HANNOVER/LUDWIGSHAFEN (dpa-AFX) - Ahead of the third round of wage negotiations for the chemical industry, thousands of employees across Germany have stopped work in a warning strike, according to trade unions. At a rally at the chemical company BASF in Ludwigshafen on Wednesday, the chief negotiator for the Mining, Chemical and Energy Union (IGBCE), Oliver Heinrich, spoke of a strong signal for the negotiations next week.

According to the union, around 5,000 people took part in the event in the Rhineland-Palatinate chemical metropolis. According to the IGBCE in Hanover, there were also rallies in North Rhine-Westphalia on Wednesday at the chemical sites in Leverkusen, Dormagen, Uerdingen and Wuppertal.
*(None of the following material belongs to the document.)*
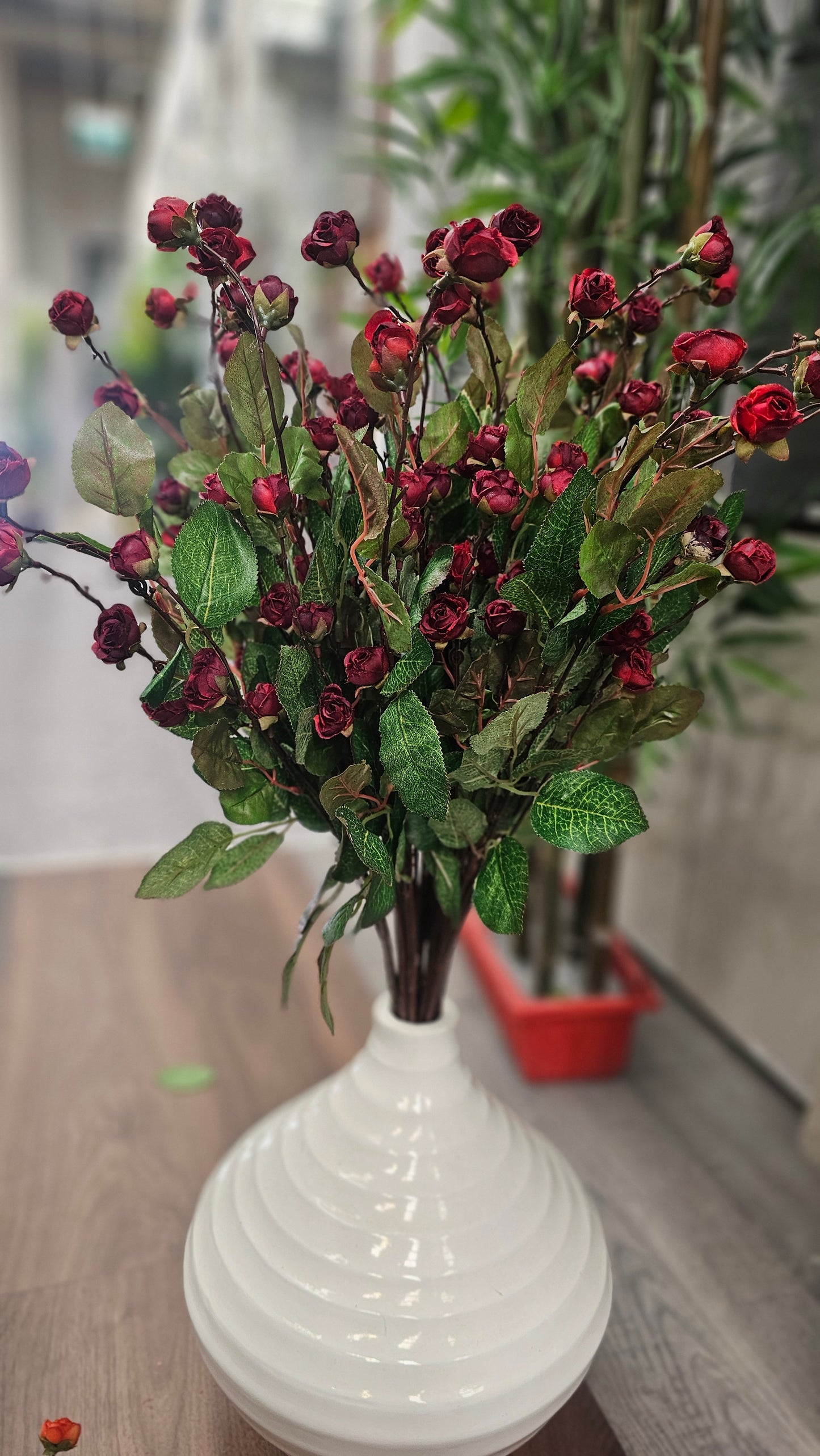 Hypericum Coco mini roses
Employees of the pharmaceutical company Merck in Darmstadt had already called a warning strike on Monday. On Tuesday, employees at the chemical company Evonik in Hanau and the supplier and tire manufacturer Continental in Hanover, among others, also walked off the job.

The third round of negotiations at federal level is scheduled for June 26 and 27 in Bad Breisig near Bonn. This is the last opportunity to reach a result before the end of the peace obligation on June 30.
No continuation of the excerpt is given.